SOURCE INFORMATION –
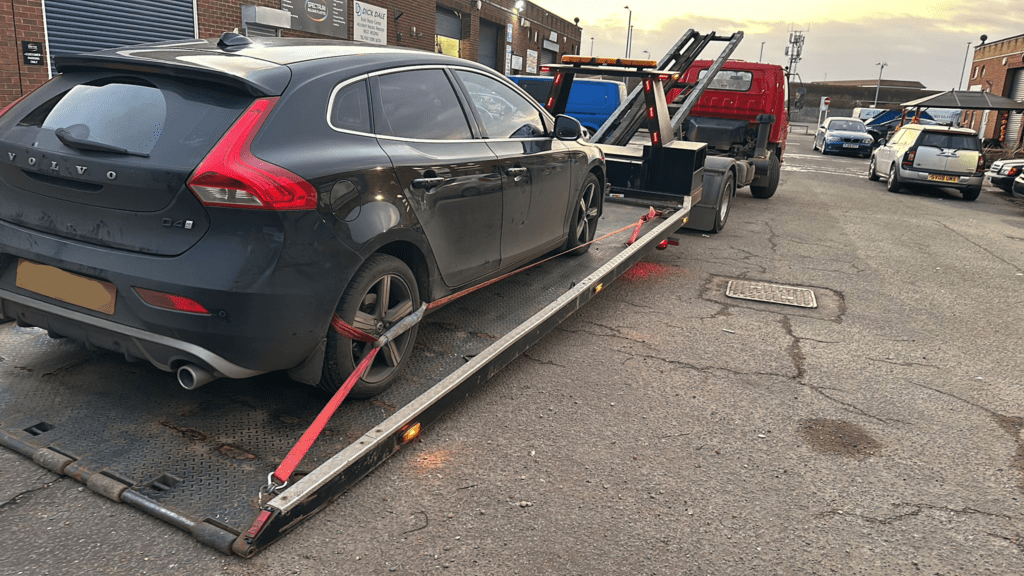 Car being pulled onto a truck during winch recovery in Warwickshire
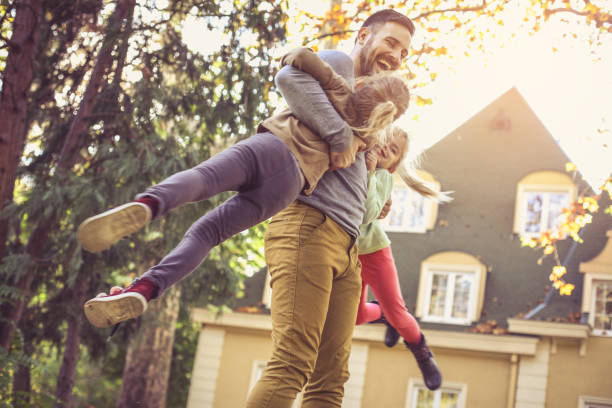 istock Father carrying daughters around neck.  Side view. 866901642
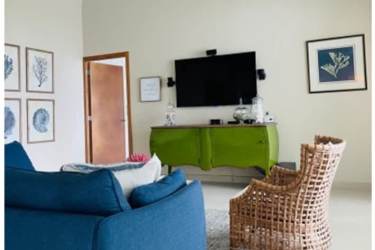 Fully equipped kitchen with granite countertops appliances open layout at Bijao Beach Residences Panama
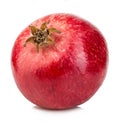 Ripe whole pomegranate close-up isolated on a white background.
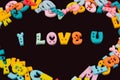 I love you phrase written by plastic colorful letters on blackboard.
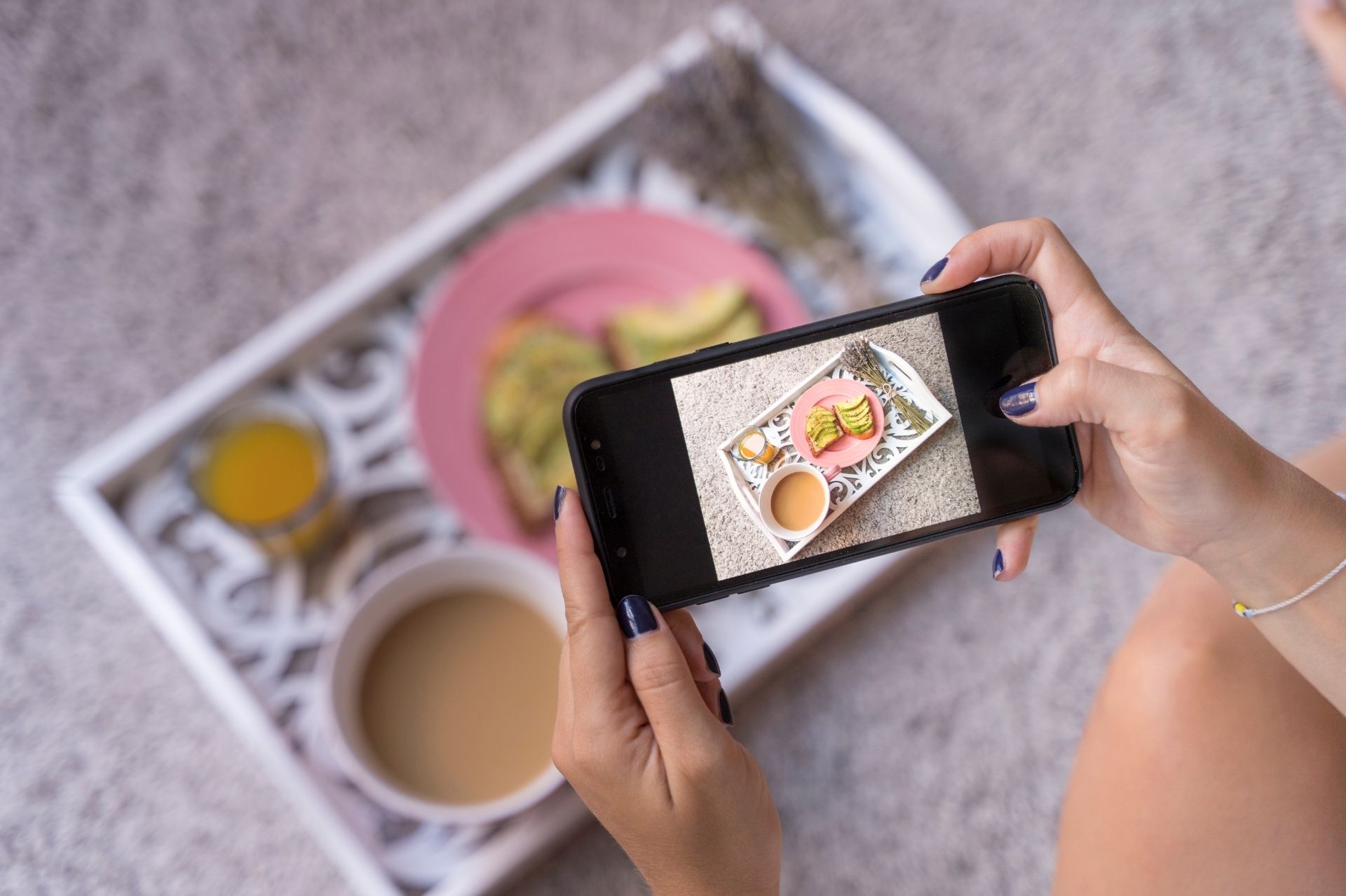 A person taking a picture of food with a phone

WORK TO COMPLETE – Exclude the pictures, and output exactly the lines from the one with "Ripe whole pomegranate" through the last line of the records, both included.

TASK OUTPUT –
 Ripe whole pomegranate close-up isolated on a white background.
 I love you phrase written by plastic colorful letters on blackboard.
 A person taking a picture of food with a phone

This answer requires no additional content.